CC @bbrowning, @abayer

Fixes #598

Submitter Checklist

These are the criteria that every PR should meet, please check them off as you
review them:

Includes tests (if functionality changed/added)
Includes docs (if user facing)
Commit messages follow commit message best practices

See the contribution guide
for more details.

Release Notes

Set CPU, memory, and ephemeral storage resource requests for each
step in a Task to zero if the step does not have the largest resource
request out of all steps in the Task. This ensures that the Pod that
executes the Task will only request the resources necessary to
execute any single step in the Task, rather than requesting the sum
of all of the step's resource requests, and is safe because Tekton
executes steps sequentially rather than all at once.

pkg/reconciler/v1alpha1/taskrun/resources/pod.go

dwnusbaum · 2019-04-04T18:30:43Z

pkg/reconciler/v1alpha1/taskrun/resources/pod_test.go

-	ignorePrivateResourceFields = cmpopts.IgnoreUnexported(resource.Quantity{})
-	nopContainer                = corev1.Container{
+	resourceQuantityCmp = cmp.Comparer(func(x, y resource.Quantity) bool {
+		return x.Cmp(y) == 0


I added this comparator in 3 places. It would be nice to have a default comparator with some helpful default settings for use in tests, but I didn't see any kind of util package or anything for that kind of thing. Is there a place for something like that?

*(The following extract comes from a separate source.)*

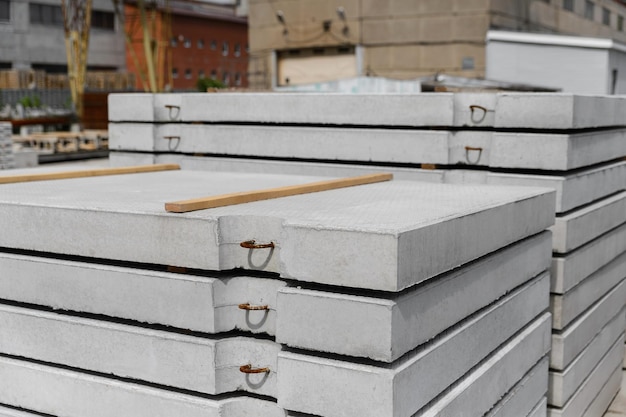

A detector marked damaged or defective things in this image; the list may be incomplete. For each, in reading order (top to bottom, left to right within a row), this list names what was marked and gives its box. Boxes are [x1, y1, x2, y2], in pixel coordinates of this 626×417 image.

dwnusbaum · 2019-04-04T18:31:42Z

test/builder/container.go

+	}
+}
+
+func Memory(val string) ResourceListOp {


Alternatively we could just have func Resource(name corev1.ResourceName, val string) so we don't need a separate method for every function, but that would be a little more verbose in the tests.

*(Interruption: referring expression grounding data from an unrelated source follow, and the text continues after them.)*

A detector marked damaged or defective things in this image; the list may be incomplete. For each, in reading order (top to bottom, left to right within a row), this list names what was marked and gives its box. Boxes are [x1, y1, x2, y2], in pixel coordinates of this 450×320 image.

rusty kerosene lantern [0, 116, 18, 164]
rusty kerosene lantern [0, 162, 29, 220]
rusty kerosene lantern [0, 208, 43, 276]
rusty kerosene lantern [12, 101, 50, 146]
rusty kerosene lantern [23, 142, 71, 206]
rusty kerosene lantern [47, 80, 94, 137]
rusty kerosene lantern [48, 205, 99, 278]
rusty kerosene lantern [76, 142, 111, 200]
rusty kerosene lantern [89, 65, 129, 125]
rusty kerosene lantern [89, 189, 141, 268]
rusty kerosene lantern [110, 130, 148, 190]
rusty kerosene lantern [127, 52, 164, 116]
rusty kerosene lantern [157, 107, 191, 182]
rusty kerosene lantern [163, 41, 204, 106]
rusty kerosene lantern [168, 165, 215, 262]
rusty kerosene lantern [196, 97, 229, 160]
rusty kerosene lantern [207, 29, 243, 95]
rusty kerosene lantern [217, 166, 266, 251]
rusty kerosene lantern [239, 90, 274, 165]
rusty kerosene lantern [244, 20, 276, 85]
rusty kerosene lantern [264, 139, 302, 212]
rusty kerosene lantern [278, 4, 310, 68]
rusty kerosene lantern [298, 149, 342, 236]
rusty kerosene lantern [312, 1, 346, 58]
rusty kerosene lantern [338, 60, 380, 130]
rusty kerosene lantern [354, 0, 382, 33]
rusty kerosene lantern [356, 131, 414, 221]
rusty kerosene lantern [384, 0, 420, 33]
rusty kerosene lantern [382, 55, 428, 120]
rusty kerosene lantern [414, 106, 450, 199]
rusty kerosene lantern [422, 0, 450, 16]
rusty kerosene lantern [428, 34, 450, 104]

dwnusbaum · 2019-04-04T19:16:18Z

/test pull-tekton-pipeline-integration-tests

dwnusbaum · 2019-04-04T20:42:08Z

I guess the tests are failing for the reason Nader described here?

/test pull-tekton-pipeline-integration-tests

dwnusbaum · 2019-04-05T13:37:56Z

/test pull-tekton-pipeline-integration-tests

vdemeester

Desgin wise I'm torn between:

the current implement, that let the Max request of each type on it's original container (step)
an implementation where we would get the Max for each and apply to the first container (step)

The later makes it easier to know where to look for those resource requests.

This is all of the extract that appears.